Maybe I was snacking more than I should have been during the holidays, especially when my teams were losing. (And I may sue the inventor of Hello Dolly's). But my vice doesn't make a virtue of the Big Apple's totalitarianism. Even Orwell's Big Brother permitted Winston Smith to smoke cigarettes and drink gin!
Sure, trans fat isn't good for people. I get that. But the same goes for soda and cotton candy. And butter. The point is that in a free society, what one puts into one's mouth is each person's responsibility, each person's right.
On the other hand, rights schmights, why not just outlaw being fat? Those of us whose percentage of body fat goes above a certain threshold would be sent to camps where we could concentrate on losing weight.
We could call these "concentration camps."
The Yellow Star Proposal
But, as we enter 2007, fatty foods and eaters' rights aren't the only targets of nanny-state politicians: they are attacking our delicious democracy, too.

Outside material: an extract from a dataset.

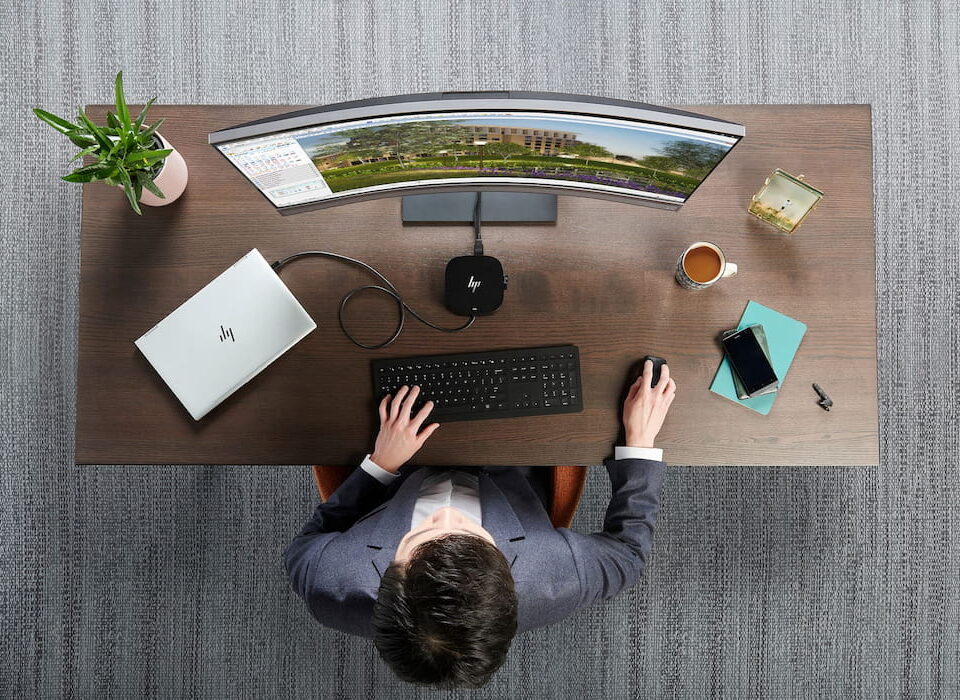 overhead man in suit sitting at wood desk HP laptop curved monitor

Legislators and entrenched lobbies in a number of states are proposing that the voter initiative process be gutted, fried and devoured. Why? Those states' citizens showed the temerity to threaten them with initiatives to cap state spending growth.
• A new group comprised entirely of Michigan's political high and mighty, amusingly called "Citizens for Michigan," has proposed doing away with voter initiatives entirely. Barring complete abolition, they suggest that legislators should at least be given the power to veto any measure proposed by Michigan citizens.